Friday, 16 January 2009

London's South Bank Skyline: All Change

I posted about the developments taking place at Tate Modern on Londonist this week. Brilliantly, the PR from Tate Modern called me up, (after having sent an email to the same effect moments before) to reprimand me for the pun in my headline and subsequent copy.

His project is called Transforming Tate Modern. I'd played on the word modern. What's happening at Tate Modern isn't a modernisation. Tsk. I pointed out that I'd got his project name, and link to said project in the post at the bottom. I think he knew it was a silly complaint, but it was one he was required to make, and it all passed amicably once we'd had a chat about it. I changed one sentence, and added a new picture caption. Fairynuff.

It all looks like interesting stuff, tho. Especially in terms of what NA the geotechnical engineer is now working on: Project Bankside.
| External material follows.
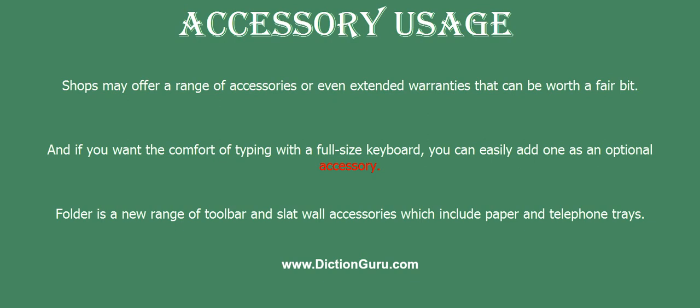Folder is a new range of toolbar and slat wall accessories which include paper and telephone trays.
I love knowing a geotechnical engineer. Particularly when he sends me beautiful pictures of what he's working on. JC and I have "plans" to live at the top of the yellow-topped building on the right of Tate (before, I think, we retire to live in the Barbican, or course), but it'd all look a bit different if we ever did that now!

All this new stuff reminds me of an amazing shot of the London skyline in Four Weddings and a Funeral. I think Hugh Grant has just woken up in the city; to demonstrate that, they show a shot of London. This being 1994 (yikes, more than 10 years ago!), the panorama includes no Eye, no Gherkin, nothing you'd particularly recognise as current film-language for the Lon.don. (Tate Modern only opened as a shiny museum, rather than a grubby power station, in 2000.) It's a quiet shot, a colourless sky across a murky river, showing London Bridge. Not Tower Bridge; London Bridge. Perhaps that was the point; Hugh, the "everyman", in a ordinary morning in an ordinary capital city. But it looks so dated now.